398   Waly, Waly

O WALY, waly, up the bank,
   And waly, waly, doun the brae,
And waly, waly, yon burn-side,
   Where I and my Love wont to gae!
I lean’d my back unto an aik,
   I thocht it was a trustie tree;
But first it bow’d and syne it brak—
   Sae my true love did lichtlie me.

O waly, waly, gin love be bonnie
   A little time while it is new!
But when ’tis auld it waxeth cauld,
   And fades awa’ like morning dew.
O wherefore should I busk my heid,
   Or wherefore should I kame my hair?
For my true Love has me forsook,
   And says he’ll never lo’e me mair.

Now Arthur’s Seat sall be my bed,
   The sheets sall ne’er be ’filed by me;
Saint Anton’s well sall be my drink;
   Since my true Love has forsaken me.
Marti’mas wind, when wilt thou blaw,
   And shake the green leaves aff the tree?
O gentle Death, when wilt thou come?
   For of my life I am wearie.

’Tis not the frost, that freezes fell,
   Nor blawing snaw’s inclemencie,
’Tis not sic cauld that makes me cry;
   But my Love’s heart grown cauld to me.
When we cam in by Glasgow toun,
   We were a comely sicht to see;
My Love was clad in the black velvàet,
   And I myself in cramasie.1

But had I wist, before I kist,
   That love had been sae ill to win,
I had lock’d my heart in a case o’ gowd.
   And pinn’d it wi’ a siller pin.
And O! if my young babe were born,
   And set upon the nurse’s knee;
And I mysel were dead and gane,
   And the green grass growing over me!

399   Barbara Allen’s Cruelty

IN Scarlet town, where I was born,
   There was a fair maid dwellin’,
Made every youth cry Well- a-way!
   Her name was Barbara Allen.

All in the merry month of May,
   When green buds they were swellin’,
Young Jemmy Grove on his death-bed lay,
   For love of Barbara Allen.

He sent his man in to her then,
   To the town where she was dwellin’,
‘O haste and come to my master dear,
   If your name be Barbara Allen.’

So slowly, slowly rase she up,
   And slowly she came nigh him,
And when she drew the curtain by—
   ‘Young man, I think you’re dyin’.’

‘O it’s I am sick and very very sick,
   And it’s all for Barbara Allen.’
‘O the better for me ye’se never be,
   Tho’ your heart’s blood were a-spillin’!

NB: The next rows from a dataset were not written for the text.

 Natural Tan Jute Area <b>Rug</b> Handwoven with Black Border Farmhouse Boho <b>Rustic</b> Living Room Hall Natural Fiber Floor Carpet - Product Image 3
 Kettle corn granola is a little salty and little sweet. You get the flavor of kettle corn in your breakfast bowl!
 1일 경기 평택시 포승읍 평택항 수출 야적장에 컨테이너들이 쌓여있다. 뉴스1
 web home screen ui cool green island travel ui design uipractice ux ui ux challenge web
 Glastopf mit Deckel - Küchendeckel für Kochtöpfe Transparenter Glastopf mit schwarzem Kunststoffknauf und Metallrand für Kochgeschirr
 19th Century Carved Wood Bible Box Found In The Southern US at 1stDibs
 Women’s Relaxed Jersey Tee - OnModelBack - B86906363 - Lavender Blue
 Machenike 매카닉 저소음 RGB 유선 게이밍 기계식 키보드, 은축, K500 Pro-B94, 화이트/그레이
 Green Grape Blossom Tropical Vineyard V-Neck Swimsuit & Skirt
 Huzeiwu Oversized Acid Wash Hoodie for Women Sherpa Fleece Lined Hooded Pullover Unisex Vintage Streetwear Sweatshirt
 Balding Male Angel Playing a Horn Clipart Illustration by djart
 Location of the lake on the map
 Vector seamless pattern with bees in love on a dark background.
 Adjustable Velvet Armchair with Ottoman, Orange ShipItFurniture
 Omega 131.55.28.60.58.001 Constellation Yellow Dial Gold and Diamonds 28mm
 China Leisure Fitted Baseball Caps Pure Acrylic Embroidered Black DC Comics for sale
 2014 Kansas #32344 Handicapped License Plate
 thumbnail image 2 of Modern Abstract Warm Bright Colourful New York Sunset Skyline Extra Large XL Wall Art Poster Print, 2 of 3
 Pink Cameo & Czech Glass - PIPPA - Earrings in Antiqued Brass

‘O dinna ye mind, young man,’ says she,
   ‘When the red wine ye were fillin’,
That ye made the healths go round and round,
   And slighted Barbara Allen?’

He turn’d his face unto the wall,
   And death was with him dealin’:
‘Adieu, adieu, my dear friends all,
   And be kind to Barbara Allen!’

As she was walking o’er the fields,
   She heard the dead-bell knellin’;
And every jow1 the dead- bell gave
   Cried ‘Woe to Barbara Allen.’

‘O mother, mother, make my bed,
   O make it saft and narrow:
My love has died for me to- day,
   I’ll die for him to-morrow.

‘Farewell,’ she said, ‘ye virgins all,
   And shun the fault I fell in:
Henceforth take warning by the fall
   Of cruel Barbara Allen.’

  By PanEris using Melati.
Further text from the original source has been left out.